As an AT teacher I know that’s what we do; we move the way we get used to moving, by habit. This habit is biting me back, limiting my progress, limiting my movement.
Worse, it even feels right. It feels like who I am.
Intellectually, I know that if the way I move feels normal but causes injury, it must be wrong. If my feet hurt I cannot dance, but that level of tension feels like me.
All I want is happy feet and to dance well. I want to look beautiful on the floor and move well. I don’t really care if it’s a bit of work, I want to look good and move better on the floor.
But I want to dance and I am willing to change to do it.
It will probably be weird, against what feels normal and that is counter intuitive.
Until it’s the new habit, and then moving better will feel normal because I’m used to it. In fact it will probably feel fabulous because I’ll move more efficiently, my body will be freer and I’ll achieve higher results.
I’m game.
How can I undo this unhappy pattern as fast and as easily as possible?
My teacher gave me input but I am the one who has to implement it and that means changing how I move.
I challenged myself to apply Alexander’s discoveries about changing habits to my own self in Dance. It’s easier with a teacher, but I am the AT teacher dancing by my side. I will have to to guide myself. My feet need this Now.
I’m supercharging my attention on my body as an AT teacher and dancer, together.
- Determination and willpower.
- Determination to stop doing what’s wrong and to persist in coaxing my body past fear and into freedom, moving differently.
- Willing myself to do the right thing even if it feels wrong.
And not tensing up in the process.
A dance friend told me that just the thought of performance causes tension in her body. My thoughts of rising up on toes cause my body to tense up.
Habits of mind cause body reactions.
That’s where AT is my powerful ally. Today in my car, driving home, I realized that when I release my neck in the AT way, my mind relaxes, too.
Control of the mind through the body and the body via the mind.
I experimented on myself. Releasing my neck in an AT way, which of course allowed my head to float slightly upward and my neck to lengthen. My neck extended and my head was poised rather than back weighted. I felt my whole system relax yet I was upright. Mind quiet. Feet under me. Balanced. Relaxed.
Turning down the dial on tension
Adjusting my senses to enjoy a body that moves with ease,
Differently
Powerful and smooth.
Breathing, calming myself, releasing my neck and also, my feet.
Releasing my hips, knees and ankles and at the same time my body poised upwards, more and more, over and over. It was like a little bit scary at first, but then it felt like flying. Moment by moment, working but not tight. Animal and aware.
Dancing again, partially to test myself: Is this repeatable?

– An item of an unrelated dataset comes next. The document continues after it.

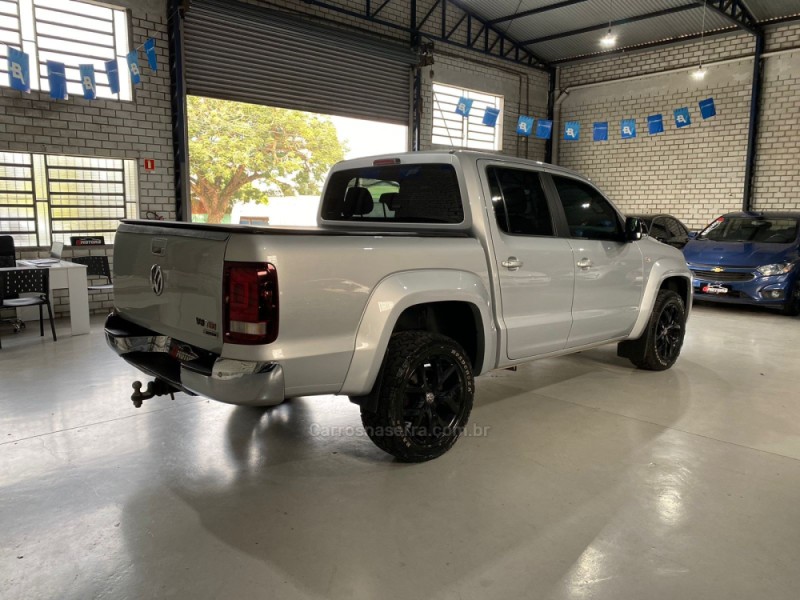 AMAROK 3.0 V6 TDI HIGHLINE CD DIESEL 4MOTION AUTOMÁTICO - 2018 - NOVO HAMBURGO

Foxtrot. Waltz. Moving freely and without pain. Feet? I noticed them as I moved across the floor. No pain. And the real test, a few hours later, they still don’t hurt; there’s no delayed reaction.
Something is working.
There was a magical sense of flow, I noticed my knees and ankles releasing, my hips felt like….like nothing…there was just me, noticing myself moving as a whole.
Something shifted and movement flowed.
I can feel it even now, hours later. Noticing how my now-quiet mind was also better able to control my body yet let it move freely across the floor. I have a road ahead of me and I can’t wait to dance again.
I dance therefore I am.
I am, therefore I dance.
I love teaching these skills to dancers. Making sure they have adequate freedom in the body to move effectively. Longer necks and beautiful poise of the head. Posture that goes upward even as legs release. Releasing tension to move efficiently and look beautiful. Finding their spine. Finding hips. Moving the head through space. Fluidity in movement. Solving dance problems by unlocking stuck places in the body. Releasing body tension to expand into dynamic, elegant lines. Calming the nervous system. All my passion.